Once again, it appears the pollsters missed the mark on President-elect Donald Trump.

On Nov. 5, it became clear Trump would win the Electoral College. As of about 5 p.m. ET on Nov. 6, The Associated Press had yet to call the race in Arizona and Nevada. Nevertheless, Trump will capture at least 295 electoral votes, and he is trending to sweep all seven battleground states.

On Oct. 25, leading national pollsters told The Epoch Times the race was too close to call. On Nov. 5, pollster Nate Silver wrote in his Silver Bulletin newsletter that Vice President Kamala Harris had a slightly better chance of winning the election than Trump did.

“Who’s gonna win the election?” Silver wrote. “Well, honestly, we don’t know.”

An average of the top national polls compiled and published by the media organization Real Clear Politics said the Democratic Party’s nominee was leading Trump nationally by about 0.1 percentage points.

The same average showed the presidential race within the polling margin of error in all seven battleground states. Harris held a slight lead in both Michigan at 0.5 percent, and Wisconsin at 0.4 percent.
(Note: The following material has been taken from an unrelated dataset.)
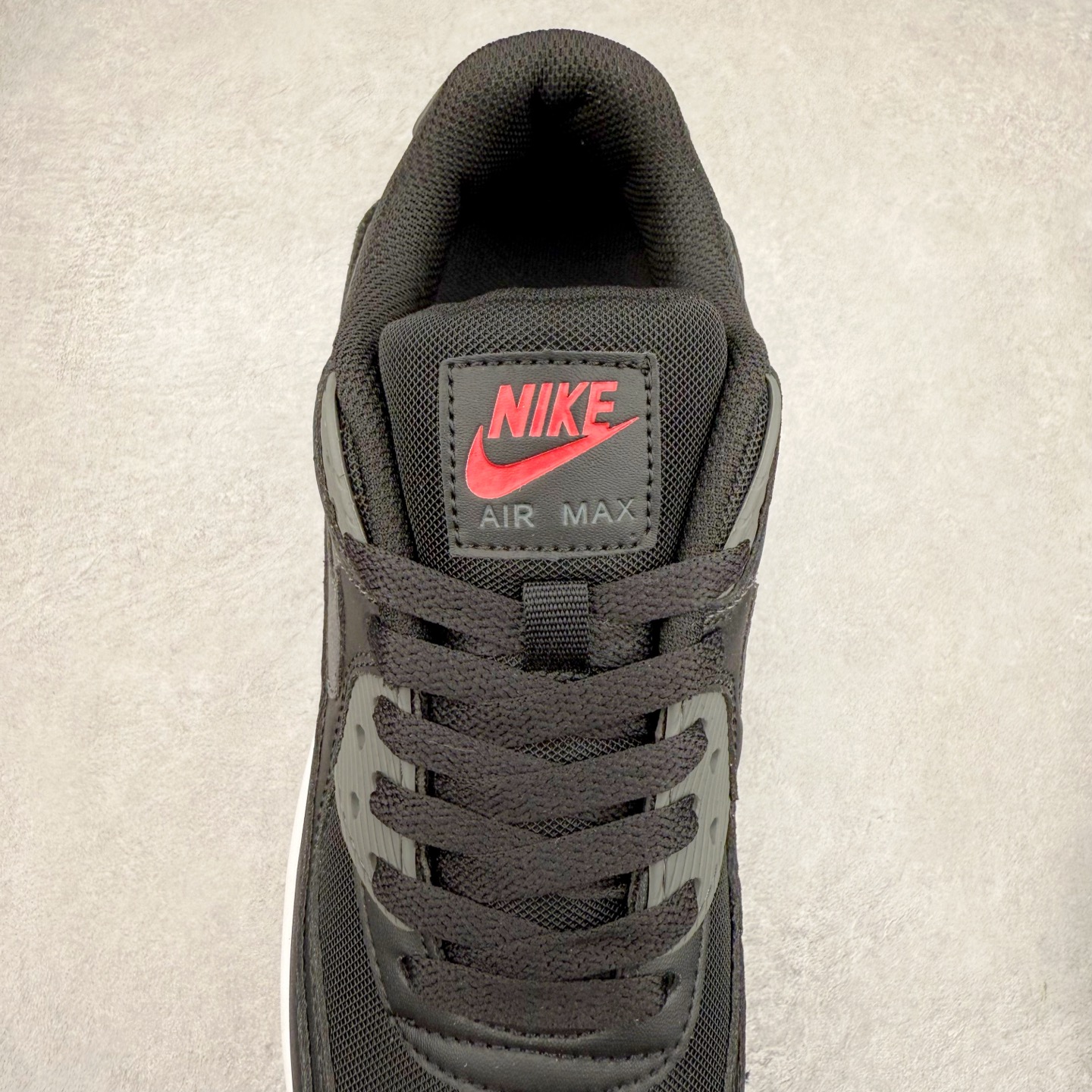 图片[5]-＃MX版 NK Air MAX 90 气垫复古减震跑步鞋 DM0029-007 经典重温 独家陆续补货 外单专供大厂出品 品质稳定 一百余色 终端操作 Air Max 90于1990年推出 来自Air Max系列 在Air Max 1的基础上改进而得 增加了气垫面积 外型上也更为流线 最特別的就是加入了菱纹塑胶嵌板 为Air Max 90增添了许多潮流气息 皮革鞋面 造就出色耐穿性和支撑力 Max Air缓震配置搭配泡棉中底 令Air Max 90轻盈而舒适 华夫格橡胶外底 铸就Air Max 90非凡的抓地力 而Air Max 90不仅是一双跑鞋 它成功跨越了时间的演进 成为了球鞋文化与潮流圈中最熟为人知的鞋款之一 尺码：36 36.5 37.5 38 38.5 39 40 40.5 41 42 42.5 43 44 44.5 45-选品中心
The results are still coming in and subject to change, but according to the AP’s results published on Wednesday afternoon, Trump has won Georgia, Michigan, North Carolina, Pennsylvania, and Wisconsin. He is on track to win in Arizona and Michigan if current trends hold up once all ballots are counted.

Again, the tallies are not final, but Trump is on track to win the national popular vote by a 3.6 percentage point margin. No Republican Party candidate has prevailed in the popular vote since President George W. Bush was re-elected in 2004.

If the national vote tally remains close to the current margin, Trump will have beaten the pollsters’ expectations by 3.6 percent.

In the battleground states the AP has called, Trump beat the polls by an average margin of 1.2 points.

Pollsters who previously spoke with The Epoch Times said they had recognized the failures of their past polls and were working to correct them in 2024. Leaders of the Siena College Research Institute and Suffolk University Political Research Center said that previous polling undersampled and underweighted likely Trump supporters, leading to misses.

In a previous interview, Mark Mitchell, Rasmussen Reports’ head pollster, said his company’s polling predicted Trump would win the popular vote.

Mitchell did not respond to a request from The Epoch Times for comment by publication time.

However, on his X account, Mitchell said Nov. 6 was day one of “another cycle of being proven accurate.”

“Will we receive, from the industry, an olive branch or more attacks this morning?” Mitchell asked on social media.

He went on to say that the blowout loss should not be blamed on Harris.

“She wasn’t a perfect candidate, but let’s be honest, she probably did as well as she could,” Mitchell said on X.

“She saved Democrats from an even bigger [Republican] landslide. [President Joe] Biden and the Democrats made this mess.”